Segmentation fault restoring data to Azure VM

Tue Apr 23 11:05:30 PDT 2024

Yah dropping the raster extension if you are not using it would be my first
suggestion.

If you do 

DROP EXTENSION postgis_raster;

And it successfully drops, then you definitely don't have data tied to it so
safe to drop before you do your pg_dump and restore.

I've seen people complain about random crashes with for example a bad netcdf
driver that gets loaded when gdal lib is loaded.  So if you are running into
one of those types of issues, not installing the raster extension will save
you from that pain.

I do see you have Azure postgis compiled with GEOS 3.10.2, but you are
running with 3.11.1.  In theory that shouldn't be an issue since 3.10.2 is
upward compatible with 3.11.

Everything else at a glance looks to be in shape.

Hope that helps,

Regina

From: Jeffrey Durrence <jeffrey.durrence at mcleanengineering.com> 
Sent: Tuesday, April 23, 2024 1:21 PM
To: Regina Obe <lr at pcorp.us>; postgis-users at lists.osgeo.org
Subject: Re: Segmentation fault restoring data to Azure VM

Regina,

Thank you so much for your quick response (and for your contributions to the
rest of us in your writings)!

On the physical server I have:
 POSTGIS="3.4.2 c19ce56" [EXTENSION] PGSQL="150" GEOS="3.10.2-CAPI-1.16.0"
PROJ="8.2.1 NETWORK_ENABLED=OFF URL_ENDPOINT=https://cdn.proj.org
USER_WRITABLE_DIRECTORY=/tmp/proj DATABASE_PATH=/usr/share/proj/proj.db"
GDAL="GDAL 3.4.3, released 2022/04/22" LIBXML="2.9.13" LIBJSON="0.15"
LIBPROTOBUF="1.3.3" WAGYU="0.5.0 (Internal)" (core procs from "3.4.1
ca035b9" need upgrade) RASTER (raster procs from "3.4.1 ca035b9" need
upgrade)

On the Azure server I have 
POSTGIS="3.4.2 c19ce56" [EXTENSION] PGSQL="150" GEOS="3.11.1-CAPI-1.17.1"
(compiled against GEOS 3.10.2) PROJ="8.2.1 NETWORK_ENABLED=OFF
URL_ENDPOINT=https://cdn.proj.org USER_WRITABLE_DIRECTORY=/tmp/proj
DATABASE_PATH=/usr/share/proj/proj.db" GDAL="GDAL 3.4.3, released
2022/04/22" LIBXML="2.9.13" LIBJSON="0.15" LIBPROTOBUF="1.3.3" WAGYU="0.5.0
(Internal)" RASTER

There are some differences, though I'm not sure of the best strategy to
reconcile this.  As for the raster extension, I don't use it for my
workflows.  I could drop the postgis_raster extension and see if that allows
my export/import to succeed without error.

-Jeffrey

Jeffrey Durrence

McLean Engineering Company

www.mcleanengineering.com <http://www.mcleanengineering.com/> 

Office: 229-985-1148

Mobile: 229-798-0480

  _____  

From: Regina Obe <lr at pcorp.us <mailto:lr at pcorp.us> >
Sent: Tuesday, April 23, 2024 1:09 PM
To: Jeffrey Durrence <jeffrey.durrence at mcleanengineering.com
<mailto:jeffrey.durrence at mcleanengineering.com> >;
postgis-users at lists.osgeo.org <mailto:postgis-users at lists.osgeo.org>
<postgis-users at lists.osgeo.org <mailto:postgis-users at lists.osgeo.org> >
Subject: RE: Segmentation fault restoring data to Azure VM 

What does 

SELECT postgis_full_version();  

Run on your current setup vs. your Azure VM setup.

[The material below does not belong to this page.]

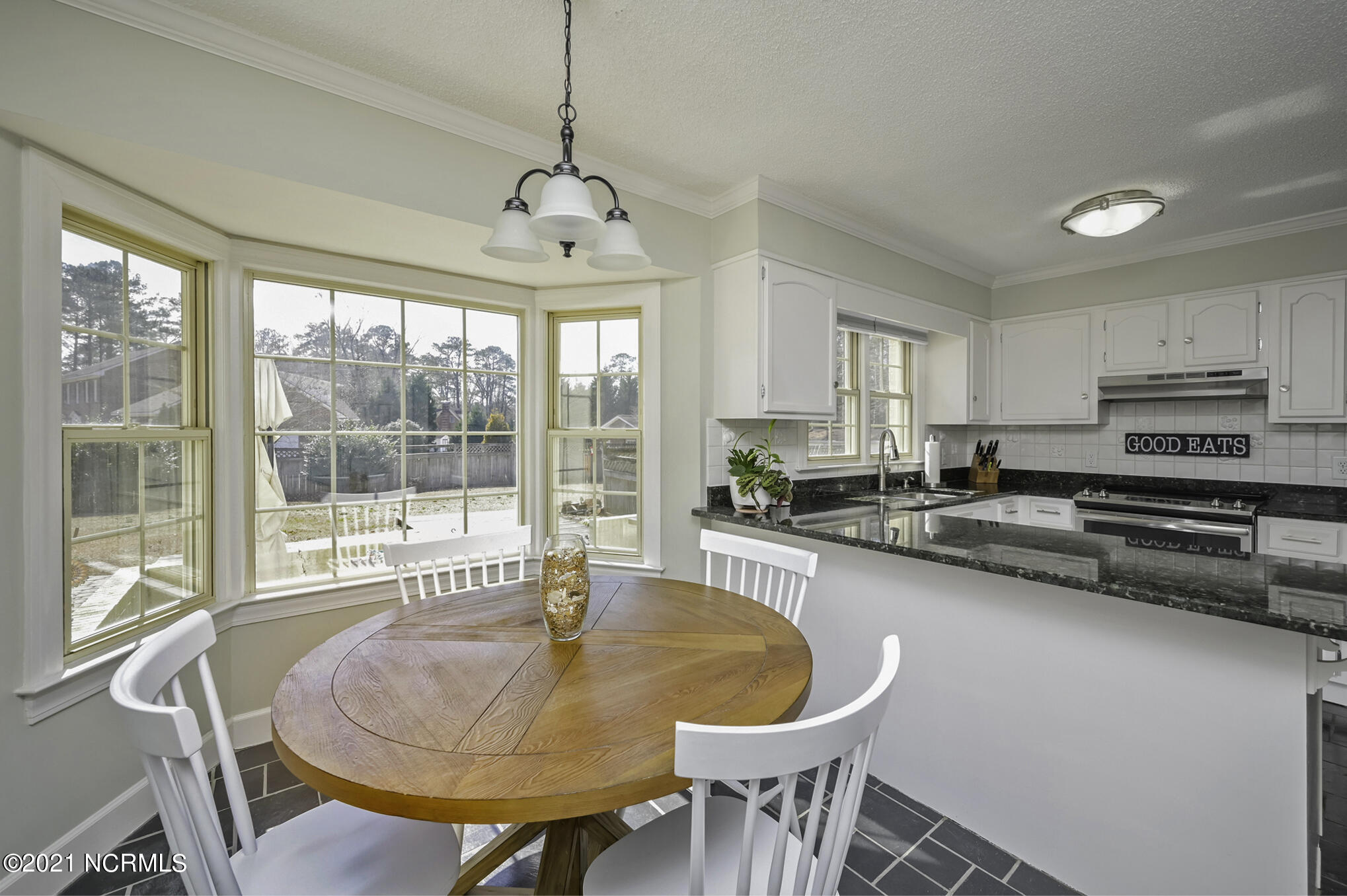 500 Alderson Road Washington, NC 27889 - Photo 16 of 52 Breakfast Nook View 2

Might thinking is it might be a dependent library crashing.

Usually the issues are with postgis_raster extension since that drags in
GDAL which drags in several more libraries.

Could also be an issue with PROJ.  As I recall at least on windows, I used
to get crashes if PROJ_LIB path wasn't set, but I think that issue has gone
away with recent releases.

Not sure if it was ever an issue on Linux or Unix.

Hope that helps,

Regina

From: Jeffrey Durrence <jeffrey.durrence at mcleanengineering.com
<mailto:jeffrey.durrence at mcleanengineering.com> > 
Sent: Tuesday, April 23, 2024 11:42 AM
To: postgis-users at lists.osgeo.org <mailto:postgis-users at lists.osgeo.org> 
Subject: Segmentation fault restoring data to Azure VM

Greetings,

I am migrating PostgreSQL/PostGIS databases from a physical server with
these specs:
Host OS: Ubuntu 22.04.4 LTS x64 (32GB RAM, 8GB Swap, 1TB disk space, XEON
E5-1660 CPU)
Postgres: 15.6.1-pgdg22.04+1
PostGIS: 3.4.2

To an Azure VM with 

Host OS: Ubuntu 22.04.4 LTS x64 (32GB RAM, 8GB Swap, 512GB disk space, XEON
8171M) (again, this is in Azure VM)
Postgres: 15.6.1-pgdg22.04+1
PostGIS: 3.4.2

In the past, I have migrated the same data from on the same physical
hardware for changes in host O/S, Postgres version, and/or PostGIS version.
I've also migrated from one physical host to another.  When doing so, I try
to make sure that my software packages are up to date and that the packages
in the destination environment match.  I did this for this planned
environment as well.  Because I know that some of my dbs have several years
of history in them, I export these dbs individually using pg_dump (using the
custom format when possible but in some cases I use the plain text option)
and pg_restore on the destination host.

During the process of migrating data in this manner, I observed that
restoration of many of my dbs failed.  I did lots of testing with this and
have made these additional observations:

1.	I am able to restore my export files to another physical host with
the same software environment without error.  (the errors occur when
importing to virtual environment).

2.	If I split my export/import into separate steps for the schema and
data, it is the schema import that produces the error, not the data import.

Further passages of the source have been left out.